DOT            :    '.'  ;
PLUS           :    '+'  ;
MINUS          :    '-'  ;
COLON          :    ':'  ;
COMMA          :    ','  ;
QUOTE          :    '\"' ;
EQUALS         :    '='  ;
SEMICOLON      :    ';'  ;
UNDERLINE      :    '_'  ;
BACKSLASH      :    '\\' ;
SINGLEQUOTE    :    '\'' ;

RESULT_TYPE_NONE          :    'NONE'       ;
RESULT_TYPE_RESULT        :    'RESULT'     ;
RESULT_TYPE_RESULT_SET    :    'RESULT_SET' ;

TYPE_INT       :    'Int'    ;
TYPE_LONG      :    'Long'   ;
TYPE_BOOL      :    'Bool'   ;
TYPE_DATE      :    'Date'   ;
TYPE_DOUBLE    :    'Double' ;
TYPE_STRING    :    'String' ;

TYPE_INT_LIST       :    'List<Int>'   ;
TYPE_LONG_LIST      :    'List<Long>'   ;
TYPE_BOOL_LIST      :    'List<Bool>'   ;
TYPE_DATE_LIST      :    'List<Date>'   ;
TYPE_DOUBLE_LIST    :    'List<Double>' ;
TYPE_STRING_LIST    :    'List<String>' ;

LONG_END      :    'L' ;
DOUBLE_END    :    'd' ;

DATE_NOW      :    'NOW'   ;
BOOL_TRUE     :    'true'  ;
BOOL_FALSE    :    'false' ;

BLOCK_OPEN       :    '{' ;
BLOCK_CLOSE      :    '}' ;
GENERIC_OPEN     :    '<' ;
GENERIC_CLOSE    :    '>' ;
BRACKET_OPEN     :    '(' ;
BRACKET_CLOSE    :    ')' ;

MAP      :    'Map'   ;
LIST     :    'List'  ;
GROUP    :    'Group' ;

BY             :    'by'         ;
DEFAULT        :    'default'    ;
JSON_NAME      :    'JSONName'   ;
INTERFACE      :    'interface'  ;
CLASS          :    'class'      ;
ABSTRACT       :    'abstract'   ;
IMPLEMENTS     :    'implements' ;
EXTENDS        :    'extends'    ;
CACHEABLE      :    'cacheable'  ;
FUNCTION       :    'function'   ;
REQUEST        :    'request'    ;
NAMED_QUERY    :    'namedQuery' ;
INPUT          :    'input'      ;
OUTPUT         :    'output'     ;
RESULT_TYPE    :    'resultType' ;
PACKAGE        :    'package'    ;
SCHEMA         :    'schema'     ;
VERSION        :    'version'    ;
MIN_VERSION    :    'minVersion' ;

fragment
NonZeroDigit : [1-9]
             ;

fragment
Digit : '0' | NonZeroDigit
      ;

fragment
Digits : Digit+
       ;

fragment
IntegerNumber : '0' | ( NonZeroDigit Digits? )
              ;

fragment
SignedIntegerNumber : ( '+' | '-' )?

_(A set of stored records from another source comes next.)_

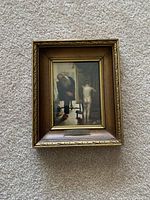 Photo of a small framed art print reproduction of Magritte's 'Not to Be Reproduced'. The frame is ornate with a gold-bronze finish and features an engraved title plaque.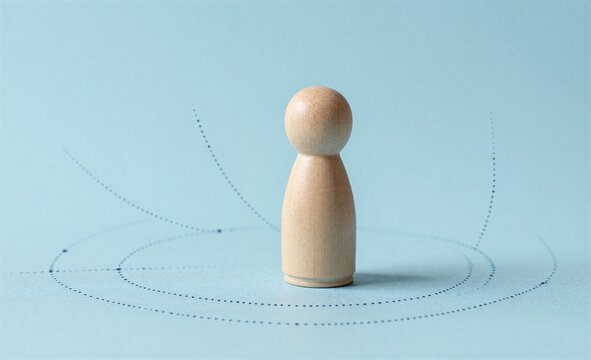 Wooden figure stands alone dotted lines radiate outward against a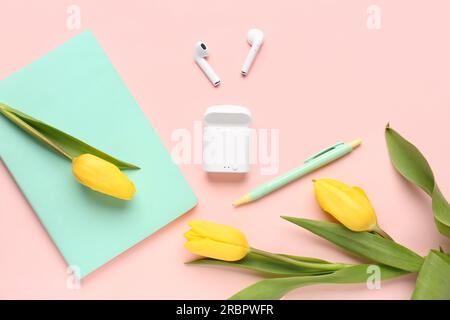 Moderne Kopfhörer, Notizbuch, Stift und wunderschöne Tulpenblumen auf pinkfarbenem Hintergrund Stockfoto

IntegerNumber
                    ;

fragment
FloatingNumber : IntegerNumber ( '.' Digits )?
               ;

fragment
SignedFloatingNumber : ( '+' | '-' )? FloatingNumber
                     ;

fragment
Letter : [a-z]
       ;

fragment
Letters : Letter+
        ;

fragment
CapitalLetter : [A-Z]
              ;

fragment
CapitalLetters : CapitalLetter+
               ;

fragment
LetterOrDigitOrUnderline : Letter | CapitalLetter | Digit | '_'
                         ;

fragment
EscapeSequence :   ( '\\' ( 'b' | 't' | 'n' | 'f' | 'r' | '\"' | '\'' | '\\' ) ) 
               |   UnicodeEscape
               |   OctalEscape
               ;

fragment
HexDigit : [0-9] | [a-f] | [A-F]
         ;

fragment
UnicodeEscape : '\\' 'u' HexDigit HexDigit HexDigit HexDigit
              ;

fragment
OctalEscape :   ( '\\' [0-3] [0-7] [0-7] )
            |   ( '\\' [0-7] [0-7] )
            |   ( '\\' [0-7] )
            ;

WS : [ \t\r\n]+ -> skip
   ;

I'm using it like this:

final ByteArrayInputStream input = new ByteArrayInputStream("1.11".getBytes());
final TestLexer lexer = new TestLexer(new ANTLRInputStream(input));
final TestParser parser = new TestParser(new CommonTokenStream(lexer));
parser.start();

But this gives me:

line 1:0 token recognition error at: '1'
line 1:2 token recognition error at: '1'
line 1:3 token recognition error at: '1'
line 1:1 missing NonZeroDigit at '.'
line 1:4 missing Digit at '<EOF>'

What am I doing wrong? I'm using antlr v4.1.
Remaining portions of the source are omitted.